See D73724 for more information and detailed analysis.

The first was specific to variable importing. The code was marking every
copy of a referenced value (from possibly thousands of files in the case
of linkonce_odr) as exported, and we only need to mark the copy in the
module containing the variable def being imported as exported. The
reason is that this is tracking what values are newly exported as a
result of importing. Anything that was defined in another module and
simply used in the exporting module is already exported, and would have
been identified by the caller (e.g. the LTO API implementations).

The second issue is that the code was re-adding previously exported
values (along with all references). It is easy to identify when a
variable was already imported into the same module (via the
import list insert call return value), and we already did this for
function importing. However, what we weren't doing for either function
or variable importing was avoiding a re-insertion when it was previously
exported into a different importing module. The reason we couldn't do
this is there was no way of telling from the export list whether it was
previously inserted there because its definition was exported (in which
case we already marked all its references as exported) from when it was
inserted there because it was referenced by another exported value (in
which case we haven't yet inserted its own references).

To address this we can restructure the way the export list is
constructed. This patch only adds the actual imported definitions
(variable or function) to the export list for its module during the
import computation. After import computation is complete, where we were
already post-processing the export list we go ahead and add all
references made by those exported values to the export list.

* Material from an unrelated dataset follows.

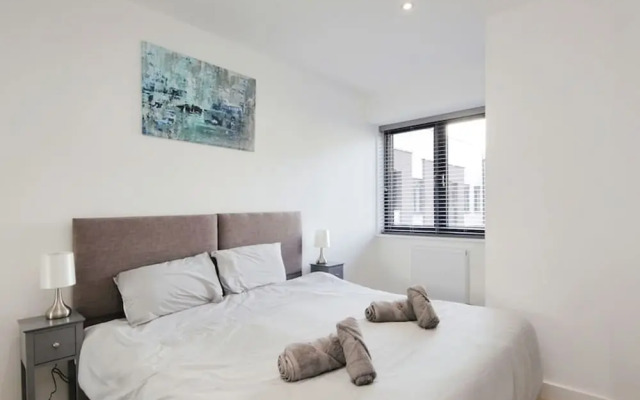 Modern Comfort: Seven Stays Broadoaks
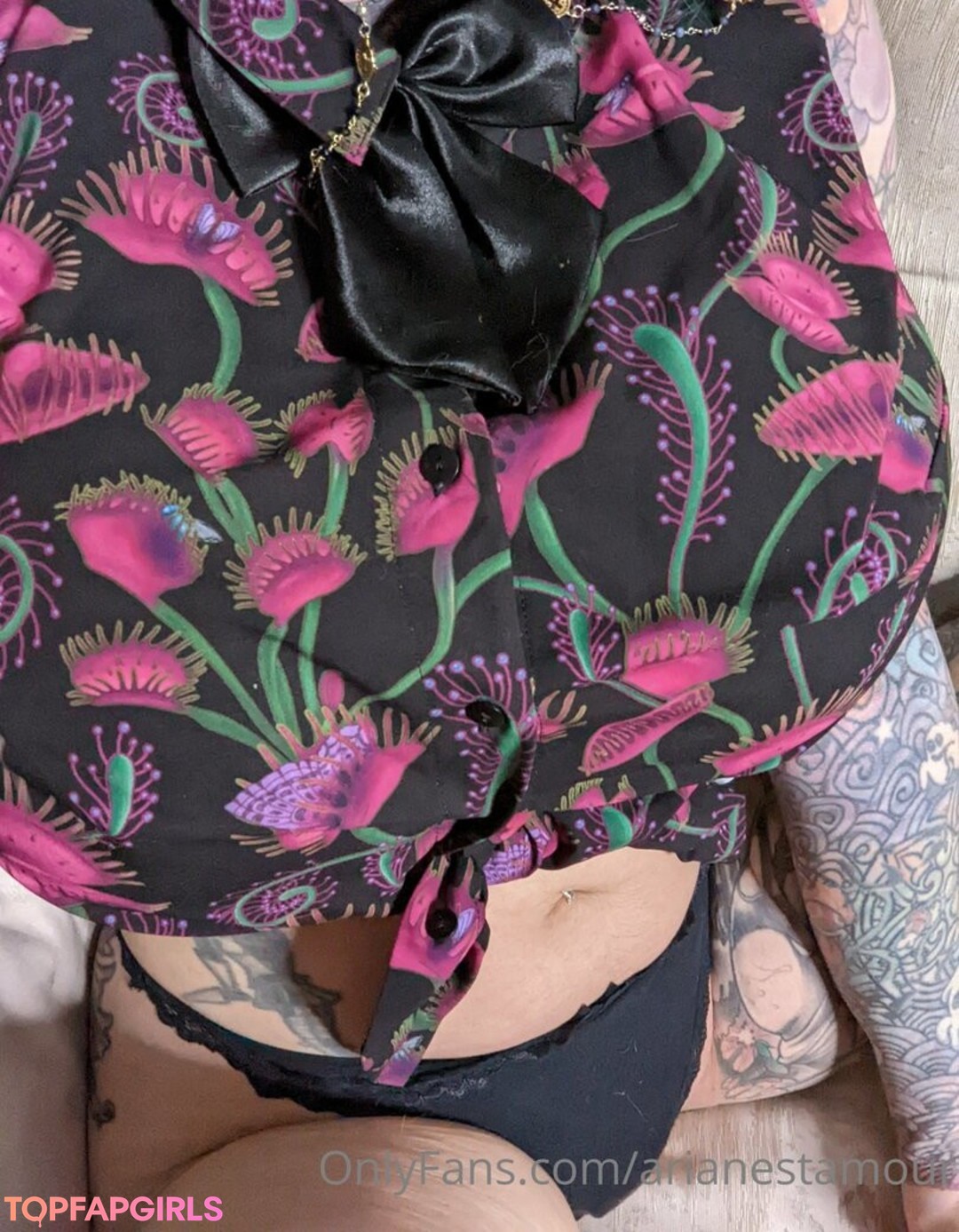 Naakte gelekte OnlyFans-foto van Ariane Saint Amour #1749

These changes speed up the thin link not only with constant variable
importing enabled, but also without (due to the efficiency improvement
in function importing).

Some thin link user time measurements for one large application, average
of 5 runs:

With constant variable importing enabled:

  • without this patch: 479.5s
  • with this patch: 74.6s

Without constant variable importing enabled:

  • without this patch: 80.6s
  • with this patch: 70.3s

Note I have not re-enabled constant variable importing here, as I would
like to do additional compile time measurements with these fixes first.

Diff Detail

Event Timeline

tejohnson created this revision.Feb 2 2020, 10:09 AM
evgeny777 added inline comments.Feb 3 2020, 2:42 AM
llvm/lib/Transforms/IPO/FunctionImport.cpp
680

On the average this will iterate over N/2 summaries in EI.getSummaryList(). Can this be replaced with:

auto *S = DefinedGVSummaries[EI.getGUID()];

? Probably the assetion above can be removed after that.

691

nit: you don't need {} for if statement

tejohnson marked 3 inline comments as done.Feb 3 2020, 8:45 AM
tejohnson added inline comments.
llvm/lib/Transforms/IPO/FunctionImport.cpp
680

Great idea! I measured this change and there might have been a small <1s speedup, although that's within the noise range.

tejohnson updated this revision to Diff 242094.Feb 3 2020, 8:46 AM
tejohnson marked an inline comment as done.

Address comments

evgeny777 accepted this revision.Feb 3 2020, 8:53 AM

LGTM, thanks!

This revision is now accepted and ready to land.Feb 3 2020, 8:53 AM
This revision was automatically updated to reflect the committed changes.